For anyone unfamiliar with the former, here is a summary:
The UK phone hacking scandal started around 2005 and peaked around 2012. The journalistic malpractices and illegal practices on which it focused long pre-date 2005, and continue today. It came to light through the testimony of victims, and the investigative journalism of publications such as The Guardian, that several publications owned by Rupert Murdoch’s News International (UK subsidiary of News Corp), and others including Daily Mirror andSunday Mirror, were engaged in practices including hacking individuals’ phones and bribing the police in order to obtain stories. Rupert Murdoch’s influence over UK politicians was also scrutinised. Victims of phone hacking included members of the royal family, politicians, murdered schoolgirl Milly Dowler, relatives of British soldiers killed in Iraq and Afghanistan, and victims of the 7th July 2005 London bombings.
The public outcry at these revelations and resultant investigations resulted in high-profile resignations including those of Rupert Murdoch as director of News Corporation, his son James as its executive chairman, and the commissioner of London’s Metropolitan Police Force. There were multiple charges and seven convictions in criminal trials held between 2004 and 2014. News of the World, a News International outlet, closed down after 168 years of publication.
In 2011 Conservative Prime Minister David Cameron established a public inquiry into the culture and ethics of the UK press under Lord Justice Leveson. This inquiry resulted in the 2012 Leveson Report, which made several recommendations concerning regulation of the UK press by an independent regulator, which would give alleged press victims access to arbitration without financial risk.

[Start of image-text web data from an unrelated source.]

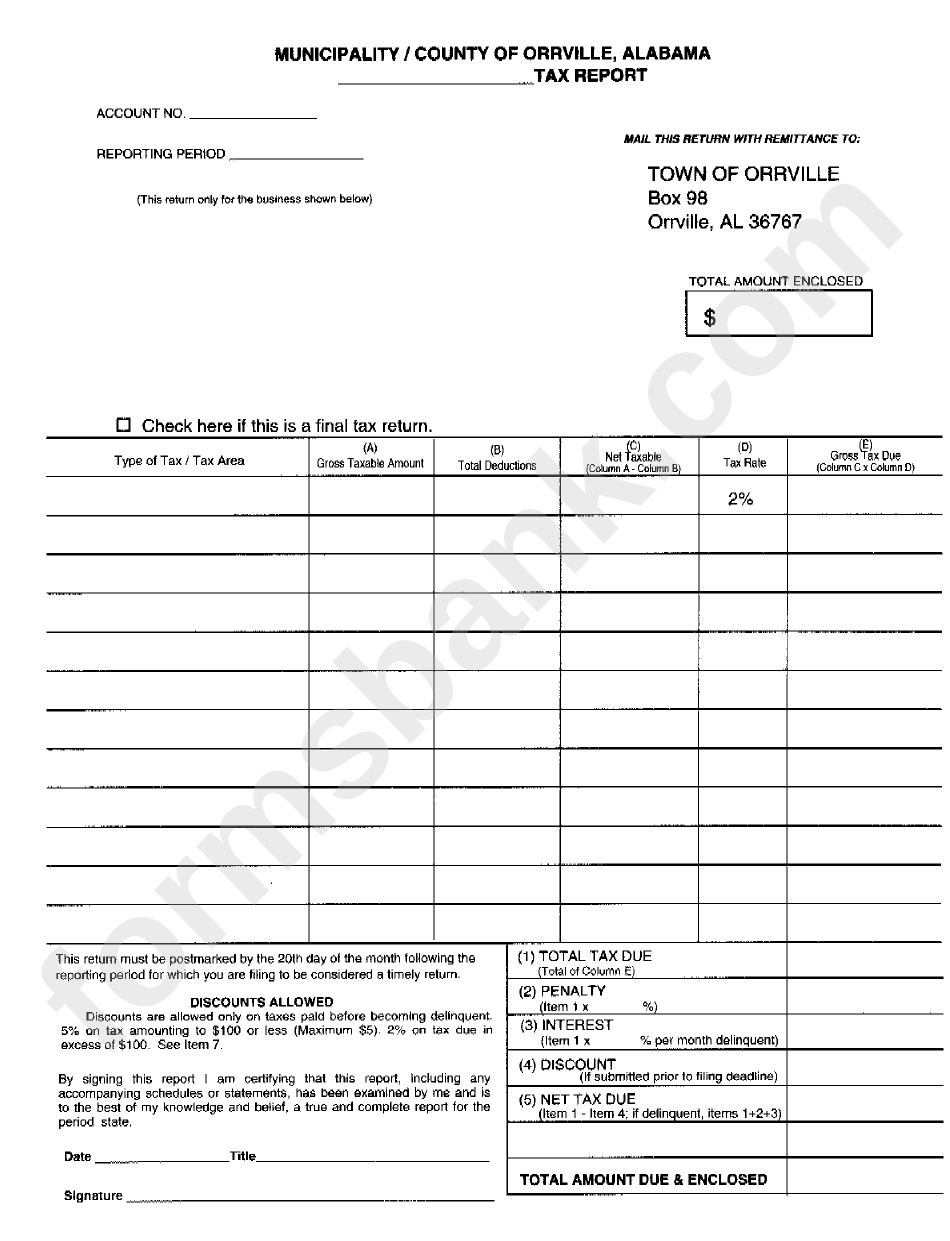 Tax Report Form - Municipality/county Of Orrville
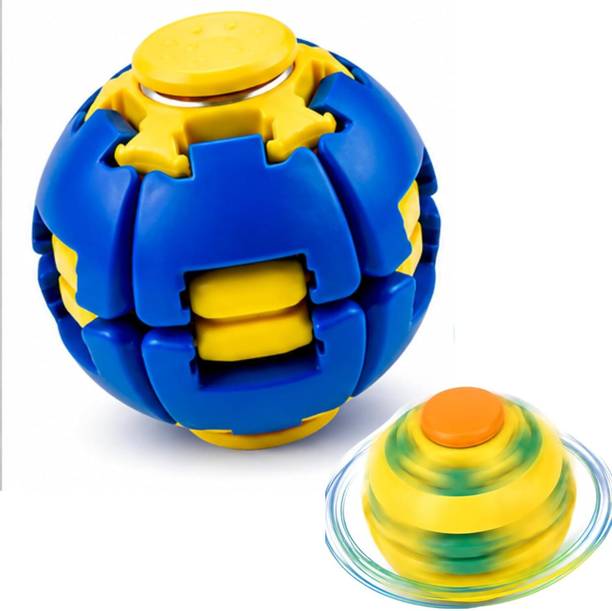 HOME DOT Press to Spin Fidget Ball, 360° Rotating Spinner, Sensory Stress Relief Toy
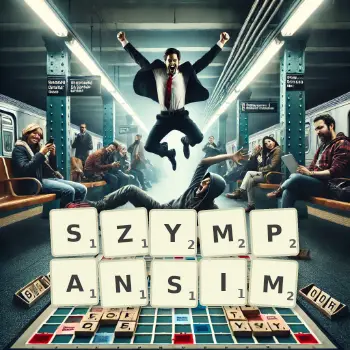 Kreatywna ilustracja do gry w Scrabble ze słowem SZYMPANSIM ułożonym z płytek na planszy.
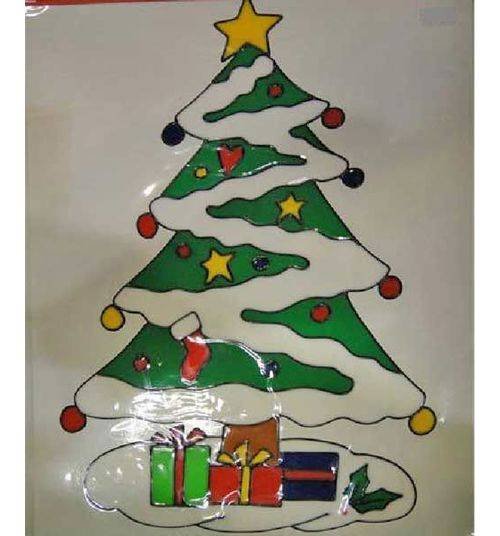 Елка на окне красками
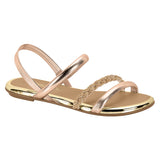 Beira Rio 8367-641 Braided Strap Flat Sandal in Rose Gold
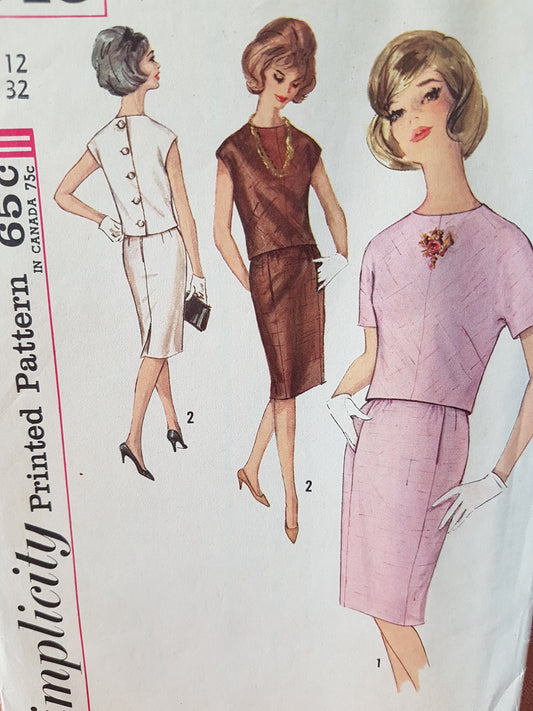 1960s EASY ELEGANCE 2 Pc Slim Dress Pattern SIMPLICITY 4849 Button Back Top, Day to After 5 , Bust 32 Vintage Sewing Pattern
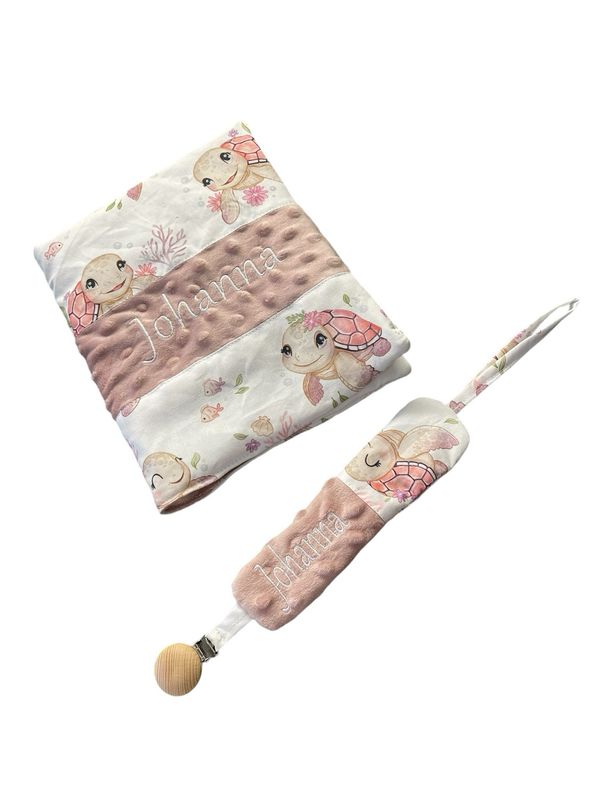 Attache tétine tortue rose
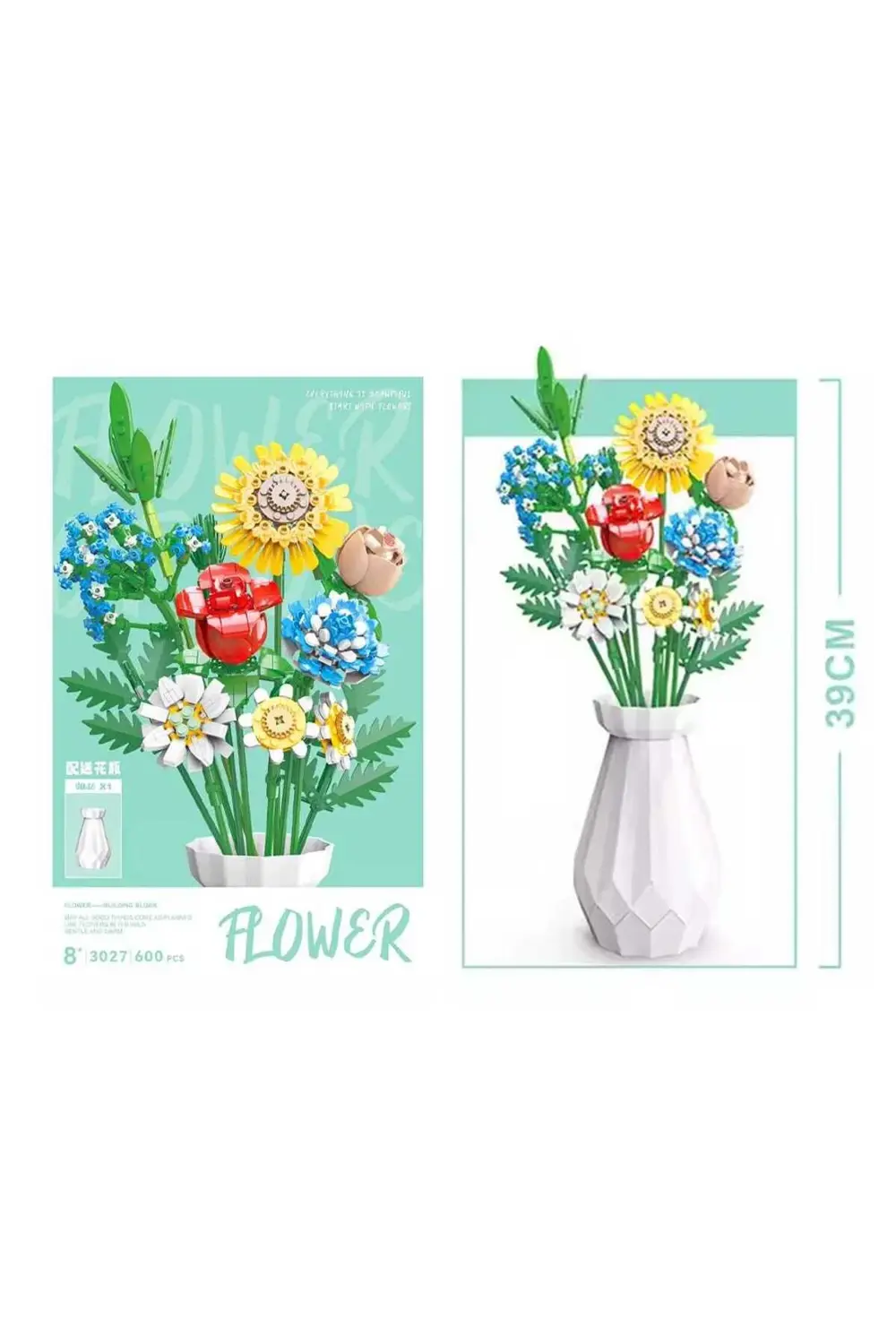 LEGO FLOWER 3027 ÇİÇEK BUKETİ 516-618 PARÇA 2li Set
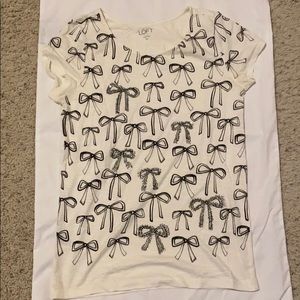 Black & white Loft bow t shirt XXS/XS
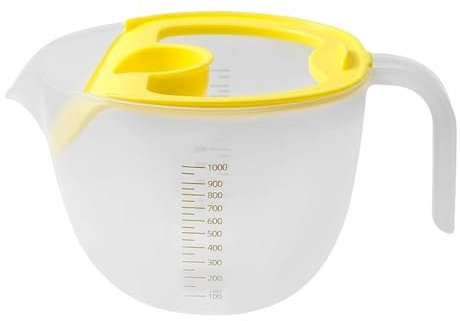 Oldmoom Egg Beating Cup - Bakery Measuring Cup Mixing Bowl with Scale,Food Grade Heat Resistant Egg Beating Bowl with Pour Spout and Filter for Oven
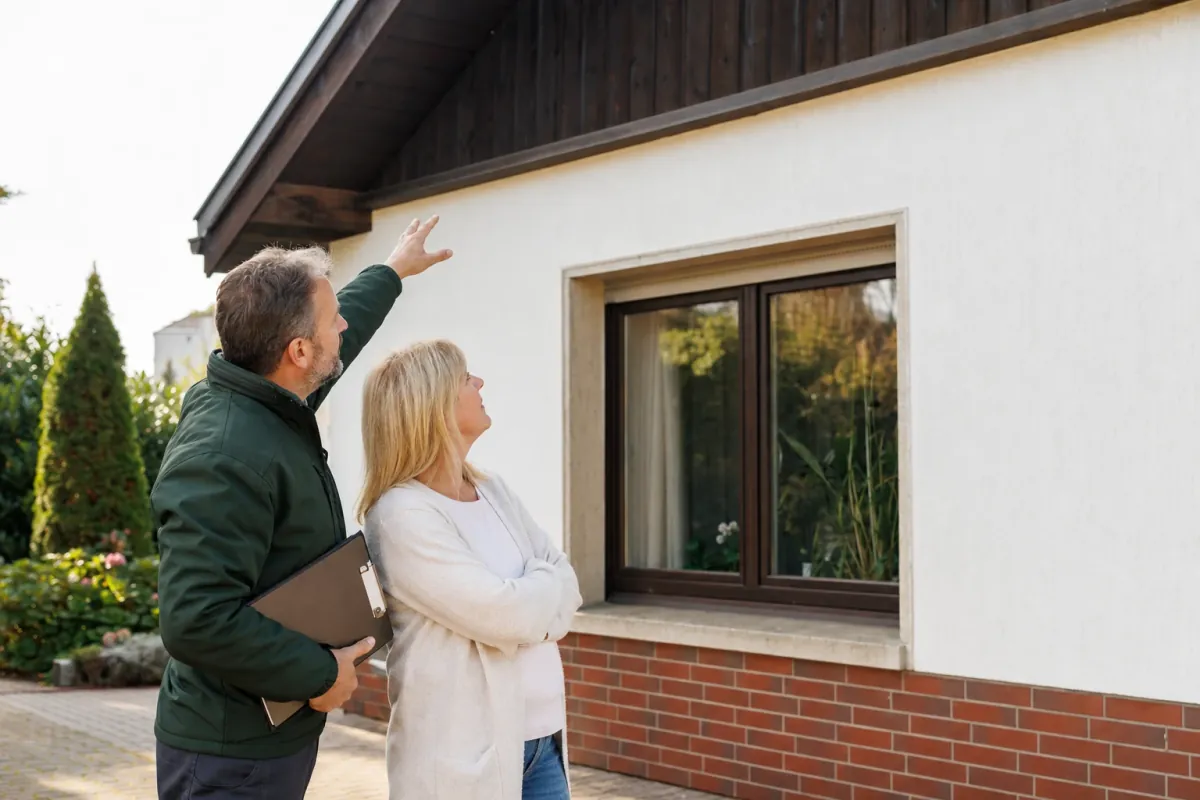 Ein Energieberater und eine Eigentümerin stehen vor einem für Friedrichsdorf typischen Wohnhaus und sehen zum Dachrand hinauf.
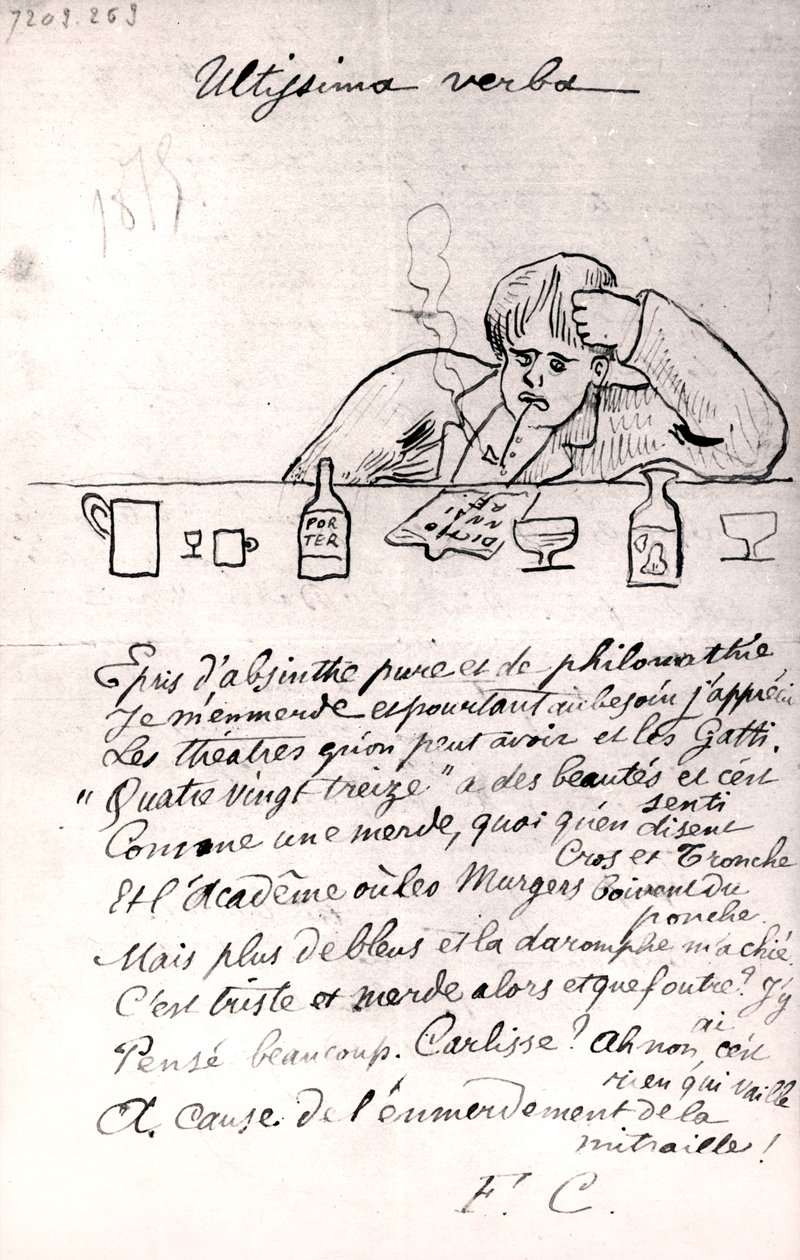"Ultissima verba", teckning av Arthur Rimbaud, 1875 av Paul Verlaine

Conservative governments since 2012 have declined to implement Leveson’s recommendations. In 2011 the FBI and the Department of Justice launched probes into News Corporation practices in the US, but no decisive action has been taken.
TEXT OF TALK:
Before I begin I’d like to mention someone who can’t be with us, but who is currently suffering under a politically-motivated legal case against him, a great advocate for press freedom, and for holding power to account. Can we please express our support for Craig Murray?
If you believe the word itself, the media mediates. It isn’t anything in itself. It transmits something else.
In general journalists do not want to be the story. They want to inform, disinform, persuade, distract, entertain, but not be the focus of attention themselves. This applies to Julian Assange as much as it applies to the journalists who hacked the phone of Millie Dowler.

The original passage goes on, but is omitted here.